When they stopped shooting, the woods were quiet, the stillness unnerving after the deafening din just moments before. With his ears still ringing, Willi kept swiveling his weapon from side to side. Did the trees hide more armed enemies, waiting for them to move? Or were the French defeated, his freedom proof of their failure? In the first case, lying still and waiting was the key to survival, in the other it just made him feel a little silly.
“Herr General!” It was Major Feist’s voice. Von Seelow started at the sound, suddenly realizing how tense he was. Leibnitz called back. The danger was over, only minutes after it appeared.
Willi stood slowly, shaking off the last of the grenade’s effects. He walked over to the little clump of brush where they had just poured so much fire.
Two bodies lay at odd angles.
He pushed one corpse with the toe of his boot, rolling the man over, studying his uniform.

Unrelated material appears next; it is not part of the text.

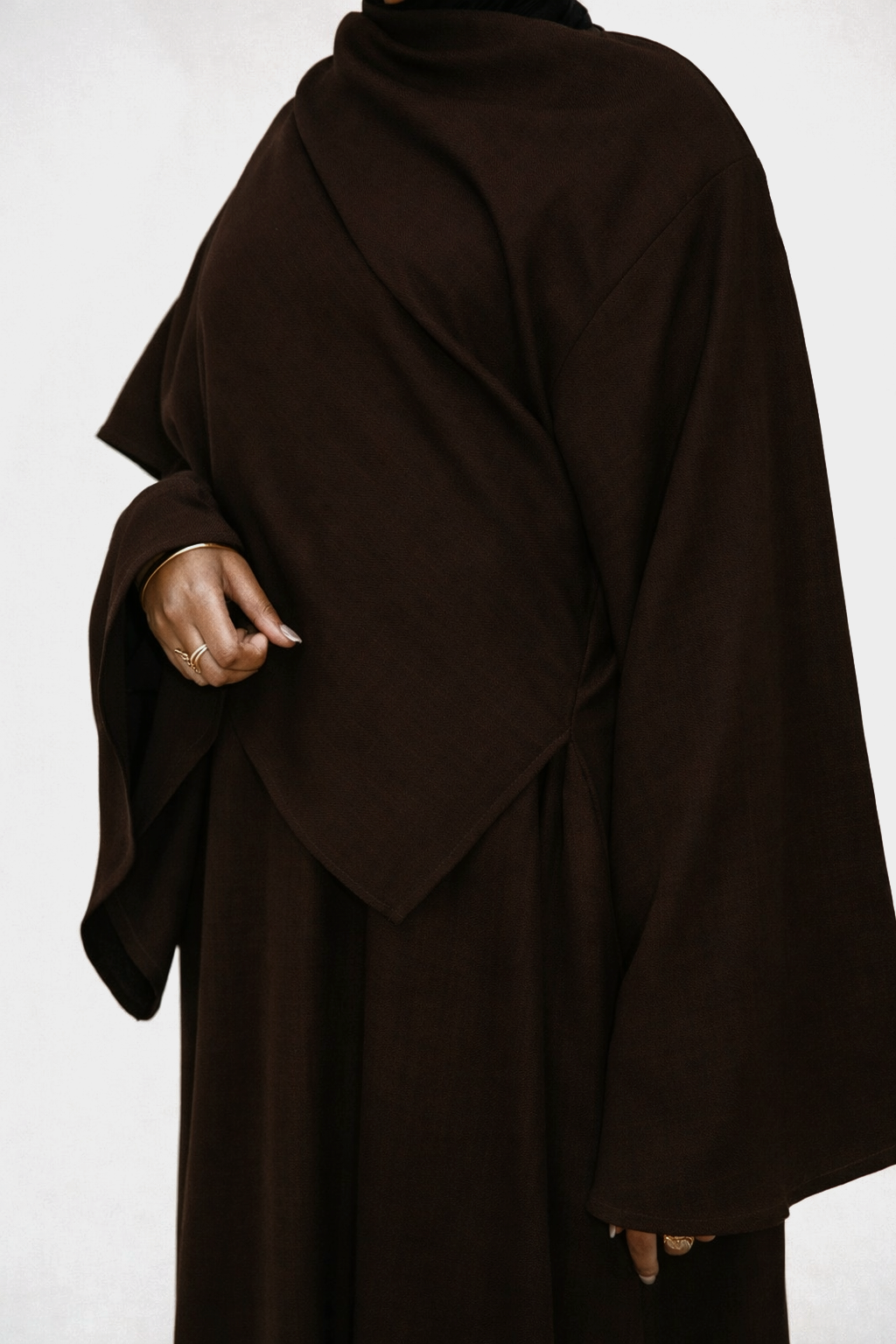 Mocha Asymmetric Shawl Abaya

A badge with a silver wing and sword on the dead man’s red beret identified him as a member of the 13th Airmobile Dragoons, an elite outfit like Germany’s own Long-Range Scout Troops or the American Special Forces. And yet they had been beaten. Willi nodded grimly. Not bad for a bunch of headquarters troops. He had to give Leibnitz a lot of the credit, though. Like Willi himself, the 7th Panzer’s commander had learned a hard lesson from the Polish raid that had killed Georg Bremer. The older man had taken special pains to strengthen his division’s headquarters security.